Directions for this task
Would it be possible to output exactly, and only, the lines below from the one holding "804 E Kewaunee St #804 — Photo 7" to the last line, both included, with every picture left out?

Dataset excerpt
§

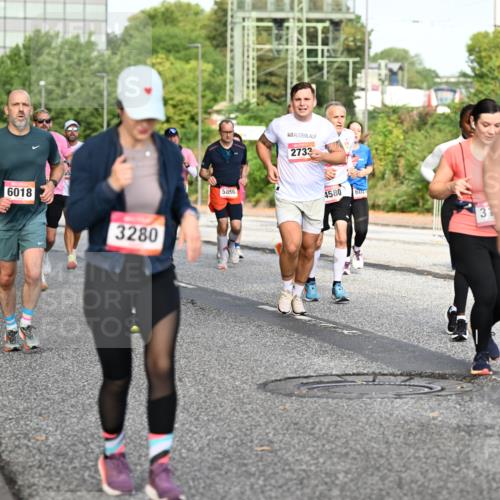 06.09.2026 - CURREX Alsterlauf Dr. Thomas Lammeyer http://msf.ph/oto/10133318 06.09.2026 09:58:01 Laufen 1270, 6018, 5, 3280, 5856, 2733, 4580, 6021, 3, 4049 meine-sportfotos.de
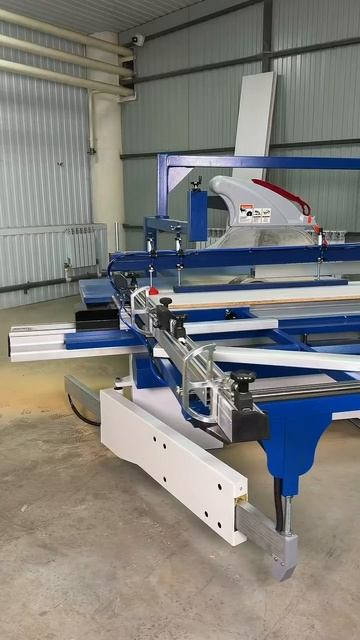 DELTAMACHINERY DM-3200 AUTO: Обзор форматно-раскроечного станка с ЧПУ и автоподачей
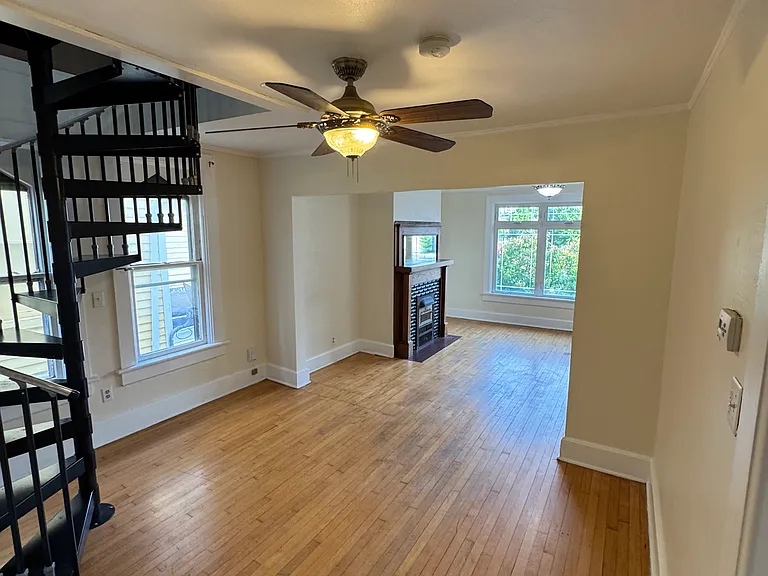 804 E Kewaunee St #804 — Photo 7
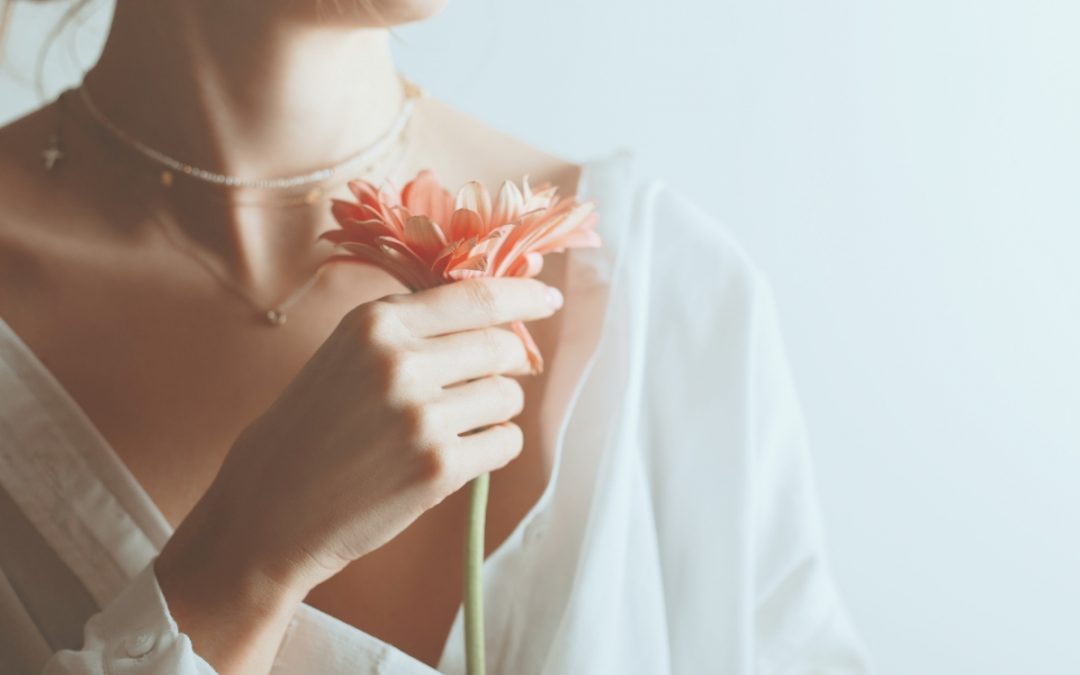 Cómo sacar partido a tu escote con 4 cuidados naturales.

§

Result of this exercise
 804 E Kewaunee St #804 — Photo 7
 Cómo sacar partido a tu escote con 4 cuidados naturales.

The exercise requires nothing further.